**HOW TO COMPLETE THIS TASK:** Using the data that follows, return exactly the lines from the one that contains "Trascendidos confusos sobre" through the one that contains "Sok Cappy Jabłko 300 ml PET ( 12 szt )", ends included.
⁂
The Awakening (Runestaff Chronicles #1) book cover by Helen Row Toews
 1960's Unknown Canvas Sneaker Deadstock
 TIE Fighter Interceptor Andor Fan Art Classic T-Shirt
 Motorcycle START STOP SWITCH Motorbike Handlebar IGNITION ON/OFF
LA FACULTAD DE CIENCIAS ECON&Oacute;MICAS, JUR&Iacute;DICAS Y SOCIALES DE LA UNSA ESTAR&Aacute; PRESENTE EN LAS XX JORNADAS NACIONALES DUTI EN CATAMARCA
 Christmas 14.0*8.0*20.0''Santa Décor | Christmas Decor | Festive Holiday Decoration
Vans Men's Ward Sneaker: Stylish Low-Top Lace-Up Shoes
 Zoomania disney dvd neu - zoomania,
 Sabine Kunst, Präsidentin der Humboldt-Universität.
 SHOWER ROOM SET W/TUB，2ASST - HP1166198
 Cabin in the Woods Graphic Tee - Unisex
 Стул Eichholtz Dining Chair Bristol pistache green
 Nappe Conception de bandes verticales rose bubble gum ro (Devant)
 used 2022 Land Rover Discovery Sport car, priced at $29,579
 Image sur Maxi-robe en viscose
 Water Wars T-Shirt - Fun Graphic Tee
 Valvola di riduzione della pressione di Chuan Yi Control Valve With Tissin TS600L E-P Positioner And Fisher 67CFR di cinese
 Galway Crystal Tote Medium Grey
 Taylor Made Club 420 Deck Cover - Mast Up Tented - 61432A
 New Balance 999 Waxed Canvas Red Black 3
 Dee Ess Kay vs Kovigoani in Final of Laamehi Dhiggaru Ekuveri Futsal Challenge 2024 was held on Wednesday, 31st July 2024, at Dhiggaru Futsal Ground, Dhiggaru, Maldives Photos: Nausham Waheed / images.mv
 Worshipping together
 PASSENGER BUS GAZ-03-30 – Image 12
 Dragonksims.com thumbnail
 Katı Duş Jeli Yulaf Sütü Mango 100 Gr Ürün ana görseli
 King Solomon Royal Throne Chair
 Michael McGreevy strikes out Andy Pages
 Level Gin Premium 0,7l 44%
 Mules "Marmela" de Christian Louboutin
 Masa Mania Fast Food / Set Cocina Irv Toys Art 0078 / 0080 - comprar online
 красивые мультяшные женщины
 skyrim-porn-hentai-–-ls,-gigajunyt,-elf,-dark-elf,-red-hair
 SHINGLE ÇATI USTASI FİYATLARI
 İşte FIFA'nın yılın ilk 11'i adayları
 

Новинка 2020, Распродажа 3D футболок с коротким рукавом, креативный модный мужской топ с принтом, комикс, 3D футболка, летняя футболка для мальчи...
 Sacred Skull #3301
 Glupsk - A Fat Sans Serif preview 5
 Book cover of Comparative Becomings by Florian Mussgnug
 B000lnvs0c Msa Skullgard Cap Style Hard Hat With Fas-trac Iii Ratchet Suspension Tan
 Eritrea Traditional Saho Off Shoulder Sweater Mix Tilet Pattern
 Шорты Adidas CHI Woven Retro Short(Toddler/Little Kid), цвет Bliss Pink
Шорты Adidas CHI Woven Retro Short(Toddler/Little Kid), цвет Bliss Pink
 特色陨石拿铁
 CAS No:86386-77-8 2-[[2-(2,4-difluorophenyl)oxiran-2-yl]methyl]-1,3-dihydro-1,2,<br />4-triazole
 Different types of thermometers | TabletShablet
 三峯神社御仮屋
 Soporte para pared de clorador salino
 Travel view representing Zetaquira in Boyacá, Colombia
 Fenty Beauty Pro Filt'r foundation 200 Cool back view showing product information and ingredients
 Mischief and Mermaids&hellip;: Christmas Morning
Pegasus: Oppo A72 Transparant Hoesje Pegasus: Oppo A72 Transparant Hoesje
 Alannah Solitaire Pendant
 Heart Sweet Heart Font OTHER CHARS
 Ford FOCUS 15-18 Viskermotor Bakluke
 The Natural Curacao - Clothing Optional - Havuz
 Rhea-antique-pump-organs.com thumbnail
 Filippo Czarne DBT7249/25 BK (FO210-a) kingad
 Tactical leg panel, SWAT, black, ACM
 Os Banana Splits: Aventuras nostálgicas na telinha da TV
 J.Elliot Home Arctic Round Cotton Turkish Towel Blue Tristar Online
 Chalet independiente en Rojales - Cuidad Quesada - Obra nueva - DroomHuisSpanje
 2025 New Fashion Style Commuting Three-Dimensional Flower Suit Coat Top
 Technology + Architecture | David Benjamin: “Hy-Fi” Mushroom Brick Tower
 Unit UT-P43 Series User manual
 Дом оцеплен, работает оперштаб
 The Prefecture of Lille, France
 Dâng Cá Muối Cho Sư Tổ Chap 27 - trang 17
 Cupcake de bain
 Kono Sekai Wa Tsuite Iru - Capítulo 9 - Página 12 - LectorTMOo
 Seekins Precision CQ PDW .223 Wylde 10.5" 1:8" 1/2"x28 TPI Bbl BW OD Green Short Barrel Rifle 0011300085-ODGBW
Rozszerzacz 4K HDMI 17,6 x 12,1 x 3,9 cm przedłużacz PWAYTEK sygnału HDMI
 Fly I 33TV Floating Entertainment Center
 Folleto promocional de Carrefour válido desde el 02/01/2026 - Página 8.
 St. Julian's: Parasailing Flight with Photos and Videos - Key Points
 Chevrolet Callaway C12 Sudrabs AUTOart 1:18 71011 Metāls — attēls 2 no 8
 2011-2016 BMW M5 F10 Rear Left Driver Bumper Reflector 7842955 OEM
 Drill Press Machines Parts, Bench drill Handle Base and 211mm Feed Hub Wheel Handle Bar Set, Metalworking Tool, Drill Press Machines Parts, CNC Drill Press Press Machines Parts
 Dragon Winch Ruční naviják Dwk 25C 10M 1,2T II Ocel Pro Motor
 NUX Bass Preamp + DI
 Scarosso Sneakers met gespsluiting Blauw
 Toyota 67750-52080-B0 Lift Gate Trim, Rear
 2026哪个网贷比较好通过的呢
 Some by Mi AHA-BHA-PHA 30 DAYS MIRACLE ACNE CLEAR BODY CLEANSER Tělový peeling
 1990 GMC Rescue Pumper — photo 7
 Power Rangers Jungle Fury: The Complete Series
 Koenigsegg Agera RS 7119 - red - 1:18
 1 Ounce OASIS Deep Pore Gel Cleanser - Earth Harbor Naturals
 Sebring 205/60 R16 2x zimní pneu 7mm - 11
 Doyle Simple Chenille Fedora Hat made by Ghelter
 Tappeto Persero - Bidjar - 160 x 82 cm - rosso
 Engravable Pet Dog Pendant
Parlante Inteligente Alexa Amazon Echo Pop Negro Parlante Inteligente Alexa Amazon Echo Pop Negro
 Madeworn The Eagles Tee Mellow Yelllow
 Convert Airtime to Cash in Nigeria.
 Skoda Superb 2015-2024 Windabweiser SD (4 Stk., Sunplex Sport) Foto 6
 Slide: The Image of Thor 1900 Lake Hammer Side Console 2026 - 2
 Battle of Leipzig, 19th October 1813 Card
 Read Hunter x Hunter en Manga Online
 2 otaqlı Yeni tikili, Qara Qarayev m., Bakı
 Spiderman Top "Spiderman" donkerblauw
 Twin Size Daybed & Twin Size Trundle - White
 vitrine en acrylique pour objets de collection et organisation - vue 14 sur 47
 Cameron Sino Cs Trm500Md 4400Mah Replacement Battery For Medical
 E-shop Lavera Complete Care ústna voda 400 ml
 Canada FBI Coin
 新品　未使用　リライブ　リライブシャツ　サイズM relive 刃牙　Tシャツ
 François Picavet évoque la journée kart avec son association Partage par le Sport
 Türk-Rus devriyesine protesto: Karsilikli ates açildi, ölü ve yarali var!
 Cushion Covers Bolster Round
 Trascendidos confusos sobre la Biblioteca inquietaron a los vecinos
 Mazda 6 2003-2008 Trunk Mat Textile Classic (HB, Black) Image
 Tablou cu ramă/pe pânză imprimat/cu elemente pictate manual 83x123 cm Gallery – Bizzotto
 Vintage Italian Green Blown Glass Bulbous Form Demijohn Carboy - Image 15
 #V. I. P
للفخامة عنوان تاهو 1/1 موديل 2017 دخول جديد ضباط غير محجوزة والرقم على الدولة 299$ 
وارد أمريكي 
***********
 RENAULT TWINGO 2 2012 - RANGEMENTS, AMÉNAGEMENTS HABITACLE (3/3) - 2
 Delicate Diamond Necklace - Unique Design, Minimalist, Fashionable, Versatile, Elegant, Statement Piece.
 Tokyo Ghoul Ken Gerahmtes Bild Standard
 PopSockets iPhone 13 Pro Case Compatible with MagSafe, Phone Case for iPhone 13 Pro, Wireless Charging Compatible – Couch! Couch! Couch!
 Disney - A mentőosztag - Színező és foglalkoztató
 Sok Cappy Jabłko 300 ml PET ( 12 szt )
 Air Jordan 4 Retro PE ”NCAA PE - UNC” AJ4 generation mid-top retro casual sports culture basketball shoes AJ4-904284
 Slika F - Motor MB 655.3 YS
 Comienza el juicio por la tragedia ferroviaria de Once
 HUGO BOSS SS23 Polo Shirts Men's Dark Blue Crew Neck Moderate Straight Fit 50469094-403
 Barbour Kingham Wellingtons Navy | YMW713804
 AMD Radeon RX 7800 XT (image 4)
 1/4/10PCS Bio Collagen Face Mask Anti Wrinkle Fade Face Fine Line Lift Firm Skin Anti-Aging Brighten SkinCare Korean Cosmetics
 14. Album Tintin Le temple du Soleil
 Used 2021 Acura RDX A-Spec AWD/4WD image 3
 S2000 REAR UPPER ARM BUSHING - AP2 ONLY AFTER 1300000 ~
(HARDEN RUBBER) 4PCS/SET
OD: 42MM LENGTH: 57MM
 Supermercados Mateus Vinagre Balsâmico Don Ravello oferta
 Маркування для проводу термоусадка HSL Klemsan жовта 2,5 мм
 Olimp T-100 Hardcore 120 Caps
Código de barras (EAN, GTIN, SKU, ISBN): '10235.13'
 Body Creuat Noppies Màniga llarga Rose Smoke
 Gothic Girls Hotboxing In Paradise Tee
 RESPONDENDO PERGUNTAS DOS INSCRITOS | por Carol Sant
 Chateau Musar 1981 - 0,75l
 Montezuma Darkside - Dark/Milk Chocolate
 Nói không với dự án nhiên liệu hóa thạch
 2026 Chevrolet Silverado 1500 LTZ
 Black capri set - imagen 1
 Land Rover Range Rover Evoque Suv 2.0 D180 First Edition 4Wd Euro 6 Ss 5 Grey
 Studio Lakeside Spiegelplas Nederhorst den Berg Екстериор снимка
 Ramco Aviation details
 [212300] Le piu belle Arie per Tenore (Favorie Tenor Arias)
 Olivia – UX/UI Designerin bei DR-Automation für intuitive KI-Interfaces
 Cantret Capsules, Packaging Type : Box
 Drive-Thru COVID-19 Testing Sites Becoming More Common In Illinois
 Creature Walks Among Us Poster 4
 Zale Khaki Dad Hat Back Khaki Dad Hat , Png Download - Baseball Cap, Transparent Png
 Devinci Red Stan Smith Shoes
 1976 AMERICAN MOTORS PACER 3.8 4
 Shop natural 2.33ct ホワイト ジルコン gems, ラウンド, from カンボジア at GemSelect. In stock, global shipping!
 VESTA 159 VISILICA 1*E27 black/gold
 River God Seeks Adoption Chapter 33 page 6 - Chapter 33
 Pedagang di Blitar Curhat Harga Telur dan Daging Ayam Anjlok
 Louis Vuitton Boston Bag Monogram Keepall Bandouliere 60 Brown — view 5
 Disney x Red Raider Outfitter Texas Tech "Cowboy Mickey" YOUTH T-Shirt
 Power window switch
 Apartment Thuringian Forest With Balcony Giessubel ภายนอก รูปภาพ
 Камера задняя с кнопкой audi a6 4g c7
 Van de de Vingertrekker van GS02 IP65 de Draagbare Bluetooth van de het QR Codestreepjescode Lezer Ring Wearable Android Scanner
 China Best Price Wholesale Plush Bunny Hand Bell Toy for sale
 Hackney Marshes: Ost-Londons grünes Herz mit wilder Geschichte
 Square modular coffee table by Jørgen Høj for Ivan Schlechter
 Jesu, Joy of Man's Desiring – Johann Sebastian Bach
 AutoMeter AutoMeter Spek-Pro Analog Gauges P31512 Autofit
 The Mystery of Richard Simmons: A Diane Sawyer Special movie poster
⁂
**YOUR SOLUTION:**
 Trascendidos confusos sobre la Biblioteca inquietaron a los vecinos
 Mazda 6 2003-2008 Trunk Mat Textile Classic (HB, Black) Image
 Tablou cu ramă/pe pânză imprimat/cu elemente pictate manual 83x123 cm Gallery – Bizzotto
 Vintage Italian Green Blown Glass Bulbous Form Demijohn Carboy - Image 15
 #V. I. P
للفخامة عنوان تاهو 1/1 موديل 2017 دخول جديد ضباط غير محجوزة والرقم على الدولة 299$ 
وارد أمريكي 
***********
 RENAULT TWINGO 2 2012 - RANGEMENTS, AMÉNAGEMENTS HABITACLE (3/3) - 2
 Delicate Diamond Necklace - Unique Design, Minimalist, Fashionable, Versatile, Elegant, Statement Piece.
 Tokyo Ghoul Ken Gerahmtes Bild Standard
 PopSockets iPhone 13 Pro Case Compatible with MagSafe, Phone Case for iPhone 13 Pro, Wireless Charging Compatible – Couch! Couch! Couch!
 Disney - A mentőosztag - Színező és foglalkoztató
 Sok Cappy Jabłko 300 ml PET ( 12 szt )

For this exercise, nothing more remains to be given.